Albert Einstein a cette belle citation : “tout le monde est un génie, mais si vous jugez un poisson sur ses capacités à grimper à un arbre, il passera toute sa vie à croire qu’il est stupide”. 

Tout le monde peut-être un expert, mais pas de n’importe quoi. C’est à la société de dire ce qui fait expertise autrement dit ce qu’elle considère important à un moment donné, quitte à sacrifier les talents du poisson. 

Le social fait l’expertise, et l’expert le social. 

Il est un certificateur, il valide la reproduction sociale. 

3, Le formateur, doit-il être un expert ? 

Si l’expert est un certificateur, le formateur est un transmetteur de connaissances et de compétences.
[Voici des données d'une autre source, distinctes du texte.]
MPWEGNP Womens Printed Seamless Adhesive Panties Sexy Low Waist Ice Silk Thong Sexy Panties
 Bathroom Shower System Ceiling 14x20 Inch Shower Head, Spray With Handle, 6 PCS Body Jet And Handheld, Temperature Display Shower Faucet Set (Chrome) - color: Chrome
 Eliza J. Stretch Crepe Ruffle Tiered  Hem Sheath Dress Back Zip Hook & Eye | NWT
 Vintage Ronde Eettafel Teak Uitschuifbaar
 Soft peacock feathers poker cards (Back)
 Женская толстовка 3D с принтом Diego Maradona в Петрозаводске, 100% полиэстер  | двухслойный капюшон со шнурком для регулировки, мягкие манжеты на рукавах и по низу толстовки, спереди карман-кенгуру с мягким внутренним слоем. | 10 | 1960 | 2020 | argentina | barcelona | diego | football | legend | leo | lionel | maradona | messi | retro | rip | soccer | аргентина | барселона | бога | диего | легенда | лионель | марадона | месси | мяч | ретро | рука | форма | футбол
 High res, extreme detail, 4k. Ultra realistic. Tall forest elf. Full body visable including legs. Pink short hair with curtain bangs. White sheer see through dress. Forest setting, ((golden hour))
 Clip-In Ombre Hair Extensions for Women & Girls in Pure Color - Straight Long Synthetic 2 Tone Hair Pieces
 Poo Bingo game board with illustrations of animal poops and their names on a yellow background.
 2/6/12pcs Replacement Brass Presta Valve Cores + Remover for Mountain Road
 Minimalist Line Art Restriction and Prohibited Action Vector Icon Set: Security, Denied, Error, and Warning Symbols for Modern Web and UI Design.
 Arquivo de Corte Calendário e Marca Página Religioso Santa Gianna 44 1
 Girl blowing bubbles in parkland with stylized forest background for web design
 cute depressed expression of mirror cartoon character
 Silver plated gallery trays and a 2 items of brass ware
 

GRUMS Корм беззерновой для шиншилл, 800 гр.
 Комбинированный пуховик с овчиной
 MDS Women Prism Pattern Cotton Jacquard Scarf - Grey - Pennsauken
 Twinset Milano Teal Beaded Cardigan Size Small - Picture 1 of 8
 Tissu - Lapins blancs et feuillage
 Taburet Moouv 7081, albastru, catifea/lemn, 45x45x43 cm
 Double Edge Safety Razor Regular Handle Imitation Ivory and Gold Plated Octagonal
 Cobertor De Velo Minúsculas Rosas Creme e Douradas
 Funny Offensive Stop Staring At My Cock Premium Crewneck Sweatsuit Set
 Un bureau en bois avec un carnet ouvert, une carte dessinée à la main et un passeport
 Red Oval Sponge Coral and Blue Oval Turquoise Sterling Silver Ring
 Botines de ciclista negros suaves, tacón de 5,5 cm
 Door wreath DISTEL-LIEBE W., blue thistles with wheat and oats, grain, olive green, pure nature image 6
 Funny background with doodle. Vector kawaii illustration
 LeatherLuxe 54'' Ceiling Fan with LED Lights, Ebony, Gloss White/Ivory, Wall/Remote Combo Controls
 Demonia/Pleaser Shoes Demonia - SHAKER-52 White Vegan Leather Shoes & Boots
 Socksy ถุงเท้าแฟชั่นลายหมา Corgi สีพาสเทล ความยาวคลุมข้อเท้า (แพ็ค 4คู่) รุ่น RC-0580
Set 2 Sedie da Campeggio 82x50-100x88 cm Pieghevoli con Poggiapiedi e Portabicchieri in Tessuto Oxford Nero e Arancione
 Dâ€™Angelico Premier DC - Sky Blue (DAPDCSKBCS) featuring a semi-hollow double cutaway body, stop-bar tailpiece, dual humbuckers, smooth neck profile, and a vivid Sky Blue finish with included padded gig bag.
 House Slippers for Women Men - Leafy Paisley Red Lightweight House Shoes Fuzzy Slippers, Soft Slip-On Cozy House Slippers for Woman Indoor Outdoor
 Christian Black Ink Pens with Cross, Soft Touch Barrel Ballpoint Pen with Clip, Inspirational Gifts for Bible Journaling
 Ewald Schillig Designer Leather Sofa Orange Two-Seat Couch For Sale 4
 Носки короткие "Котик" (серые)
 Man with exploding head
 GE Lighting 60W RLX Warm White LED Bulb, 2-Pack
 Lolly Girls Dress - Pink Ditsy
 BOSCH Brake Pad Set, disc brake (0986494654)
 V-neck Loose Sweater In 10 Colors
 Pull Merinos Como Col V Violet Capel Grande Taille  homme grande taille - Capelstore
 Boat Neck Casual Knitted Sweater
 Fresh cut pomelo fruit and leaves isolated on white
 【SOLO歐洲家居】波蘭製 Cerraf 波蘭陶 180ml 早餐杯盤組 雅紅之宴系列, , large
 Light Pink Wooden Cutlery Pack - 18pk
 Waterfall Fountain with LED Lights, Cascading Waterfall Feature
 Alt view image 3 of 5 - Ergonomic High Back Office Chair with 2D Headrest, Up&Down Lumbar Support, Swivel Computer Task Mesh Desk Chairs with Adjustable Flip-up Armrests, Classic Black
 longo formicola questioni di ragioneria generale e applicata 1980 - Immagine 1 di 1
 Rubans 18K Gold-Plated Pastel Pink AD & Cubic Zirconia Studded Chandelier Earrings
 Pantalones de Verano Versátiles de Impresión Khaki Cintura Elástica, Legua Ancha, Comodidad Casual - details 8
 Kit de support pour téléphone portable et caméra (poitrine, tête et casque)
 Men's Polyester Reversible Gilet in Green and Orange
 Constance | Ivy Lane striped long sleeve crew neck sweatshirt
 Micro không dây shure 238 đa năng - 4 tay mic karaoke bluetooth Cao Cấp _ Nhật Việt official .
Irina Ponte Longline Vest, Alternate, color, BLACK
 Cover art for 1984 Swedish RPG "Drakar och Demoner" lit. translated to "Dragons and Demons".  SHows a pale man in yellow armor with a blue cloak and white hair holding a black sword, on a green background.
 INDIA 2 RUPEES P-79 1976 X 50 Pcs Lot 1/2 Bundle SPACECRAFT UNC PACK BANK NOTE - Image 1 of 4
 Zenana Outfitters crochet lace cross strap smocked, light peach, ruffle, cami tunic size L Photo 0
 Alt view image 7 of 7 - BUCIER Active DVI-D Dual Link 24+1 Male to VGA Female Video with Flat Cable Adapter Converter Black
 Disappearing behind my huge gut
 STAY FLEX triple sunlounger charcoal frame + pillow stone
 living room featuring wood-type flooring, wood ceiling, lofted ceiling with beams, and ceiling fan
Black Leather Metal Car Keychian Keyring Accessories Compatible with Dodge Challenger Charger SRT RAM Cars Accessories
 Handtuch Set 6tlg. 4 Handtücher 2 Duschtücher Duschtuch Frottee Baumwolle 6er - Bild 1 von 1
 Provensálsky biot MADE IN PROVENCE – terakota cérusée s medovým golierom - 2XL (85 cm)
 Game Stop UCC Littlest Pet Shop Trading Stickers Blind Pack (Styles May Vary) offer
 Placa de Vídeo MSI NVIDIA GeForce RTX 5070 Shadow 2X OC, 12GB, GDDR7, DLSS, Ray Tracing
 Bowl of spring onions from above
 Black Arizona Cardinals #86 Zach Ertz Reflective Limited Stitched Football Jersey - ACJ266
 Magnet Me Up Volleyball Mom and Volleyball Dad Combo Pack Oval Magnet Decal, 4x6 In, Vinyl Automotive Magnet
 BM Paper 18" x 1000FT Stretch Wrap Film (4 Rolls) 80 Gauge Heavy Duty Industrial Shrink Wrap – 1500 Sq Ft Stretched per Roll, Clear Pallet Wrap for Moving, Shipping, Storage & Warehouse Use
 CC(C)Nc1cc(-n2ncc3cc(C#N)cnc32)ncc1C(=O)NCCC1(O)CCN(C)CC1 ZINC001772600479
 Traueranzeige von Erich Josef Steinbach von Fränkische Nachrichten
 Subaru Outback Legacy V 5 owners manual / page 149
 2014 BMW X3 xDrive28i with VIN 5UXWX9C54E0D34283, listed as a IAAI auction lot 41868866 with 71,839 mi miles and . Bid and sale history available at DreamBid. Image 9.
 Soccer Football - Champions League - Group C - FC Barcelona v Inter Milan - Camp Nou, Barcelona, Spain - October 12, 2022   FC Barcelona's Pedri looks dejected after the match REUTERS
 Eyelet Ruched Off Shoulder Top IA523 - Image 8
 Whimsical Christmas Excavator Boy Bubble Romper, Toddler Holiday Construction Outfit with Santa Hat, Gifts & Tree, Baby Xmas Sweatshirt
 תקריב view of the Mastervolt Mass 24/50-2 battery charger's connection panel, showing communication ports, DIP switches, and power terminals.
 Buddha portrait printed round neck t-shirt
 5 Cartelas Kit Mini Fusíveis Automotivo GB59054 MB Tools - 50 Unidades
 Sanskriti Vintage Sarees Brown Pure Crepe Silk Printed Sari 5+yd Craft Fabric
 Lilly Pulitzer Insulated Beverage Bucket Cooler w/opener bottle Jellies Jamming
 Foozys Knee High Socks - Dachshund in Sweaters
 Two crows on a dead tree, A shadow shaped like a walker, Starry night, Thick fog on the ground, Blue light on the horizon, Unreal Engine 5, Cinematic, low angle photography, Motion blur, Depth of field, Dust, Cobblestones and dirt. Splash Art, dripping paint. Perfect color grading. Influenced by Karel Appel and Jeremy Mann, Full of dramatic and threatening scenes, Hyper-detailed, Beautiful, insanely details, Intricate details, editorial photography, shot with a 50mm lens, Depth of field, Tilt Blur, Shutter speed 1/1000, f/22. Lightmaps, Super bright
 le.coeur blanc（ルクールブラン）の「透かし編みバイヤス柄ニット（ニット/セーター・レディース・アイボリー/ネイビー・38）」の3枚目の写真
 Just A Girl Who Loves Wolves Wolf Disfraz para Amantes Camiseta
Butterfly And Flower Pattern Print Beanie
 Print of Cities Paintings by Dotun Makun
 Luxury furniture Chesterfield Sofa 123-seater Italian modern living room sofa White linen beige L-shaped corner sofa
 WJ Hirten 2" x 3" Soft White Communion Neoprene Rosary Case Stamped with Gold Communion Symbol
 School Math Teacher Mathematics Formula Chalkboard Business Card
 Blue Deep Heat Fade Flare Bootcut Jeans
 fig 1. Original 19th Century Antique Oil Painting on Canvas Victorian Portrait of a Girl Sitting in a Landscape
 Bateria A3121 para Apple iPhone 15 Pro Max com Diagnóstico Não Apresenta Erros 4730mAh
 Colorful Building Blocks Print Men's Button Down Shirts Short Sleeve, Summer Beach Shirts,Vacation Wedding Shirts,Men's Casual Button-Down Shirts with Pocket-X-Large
Il est celui qui forme à l’expertise qui peut être définie ailleurs. 

Mais la relation entre l’expert et le formateur n’est pas si simple, car au final, le formateur est aussi un expert, mais un expert de la relation apprenante. 

Le formateur incarne l’expertise, la contagion émotionnelle qui donne de la saveur au savoir, et engage l’apprenant dans la construction de ses propres apprentissages. 

L’organisation de la formation et de l’expertise fait partie de l’ingénierie de la connaissance avec l’articulation de ces deux domaines complémentaires, le contenu et l’accès au contenu. Cette articulation sociale est le garant de l’agilité organisationnelle.